There are multiple methods that can be used to combine or append two or more datasets in SAS. In this article you’ll learn 5 simple ways to combine and append SAS datasets as follows.
- Appending Or Concatenating Two Datasets Vertically – Stacking The Datasets
- Appending Or Concatenating Stacked Sorted Data Values
- PROC APPEND To Concatenate Datasets
- PROC DATASETS To Concatenate Datasets
- PROC SQL To Concatenate Datasets
We will explore each of these methods to combine and append datasets in SAS using the following sample data sets work.University1 and work.University2
/* create sample datasets */
data University1;
input student $ grade $;
datalines;
Jackobe A
Kjell B
Morten A
Steven C
Peter A
;
proc print;
title 'Sample Dataset: work.University1';
run;
data University2;
input student $ grade $;
datalines;
Anna B
Jan A
Nils A
Kristin C
Michael A
;
proc print;
title 'Sample Dataset: work.University2';
run;
5 Ways To Combine and Append SAS Datasets
1. Appending Or Concatenating Two Datasets Vertically – Stacking The Datasets
You can append data vertically using the SET statement in the data step. It reads an observation from one or more SAS data sets. You can also say, it stacks the multiple datasets one after another.
The best part is you can combine or append many datasets by listening after the SET statement.
In this example two sample datasets University1 and University2 will be stacked vertically and created a new dataset named work.CombinedUniversity
/* Appending Or Concatenating Two Datasets Vertically - Stacking the datasets */
data CombinedUniversity;
set University1 University2;
run;
/* view dataset */
proc print data=CombinedUniversity;
title 'CombinedUniversity Dataset';
run;
2. Appending Or Concatenating Stacked Sorted Data Values
This method is quite similar to the previous one. The only minor difference here is it stack the rows after sorting the dataset. It means rows from multiple datasets will append together but after sorting it out on a specified BY variable in the data step.
The BY statement controls the operation of a SET, MERGE, MODIFY, or UPDATE statement in the DATA step and sets up special grouping variables.
Prerequisite: Before you use BY statement to combine or append multiple datasets with SET statement, all of your input datasets must be sorted on BY variable.
In this example two input datasets University1 and University2 must be sorted on BY variable “student” using the PROC SORT procedure.
/* sorting datasets on BY variable */
proc sort data=University1;
by student;
run;
proc sort data=University2;
by student;
run;
/* Appending Or Concatenating Stacked Sorted Data Values */
data CombinedUniversity;
set University1 University2;
by student;
run;
/* view dataset */
proc print data=CombinedUniversity;
run;
If you compare the output of this query with the previous method, you can clearly see the sequence of the rows has changed due to the sorted stacked method used to combine and append datasets.
3. PROC APPEND To Concatenate Datasets
This is a very popular SAS procedure when it comes to appending the two datasets.

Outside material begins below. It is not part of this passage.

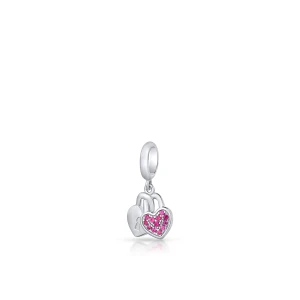 Zdjęcie produktu W.KRUK Zawieszka srebrna z motywem kłódki i serca Lovely Beads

The only drawback with this method is, it can only appends two datasets at a time. Whereas first methods can combine and append two or more dataset at the same time.
You could append more than two datasets using the proc append method but you have to write this procedure multiple times in order to cover all the datasets which you want to append.
In the proc append procedure base=dataset is the master dataset and data=dataset is the dataset which is to be appended to the master dataset.
If the master-dataset doesn’t exist then it creates a new dataset and appends the data. In this example work.CombinedUniversity dataset does not exist in the beginning so when the first proc append procedure runs it creates work.CombinedUniversity dataset and appends work.University1 dataset.
The second proc append procedure appends the work.University2 dataset to the CombinedUniversity dataset.
/* PROC APPEND To Concatenate Datasets */
proc append base=CombinedUniversity data=University1;
run;
proc append base=CombinedUniversity data=University2;
run;
/* view dataset */
proc print data=CombinedUniversity;
run;
Did you know? How to use the PROC APPEND in 10 different ways.
4. PROC DATASETS To Concatenate Datasets
This is a slightly different version of the proc append procedure. With the PROC DATASETS procedure you can use the APPEND statement to append multiple datasets.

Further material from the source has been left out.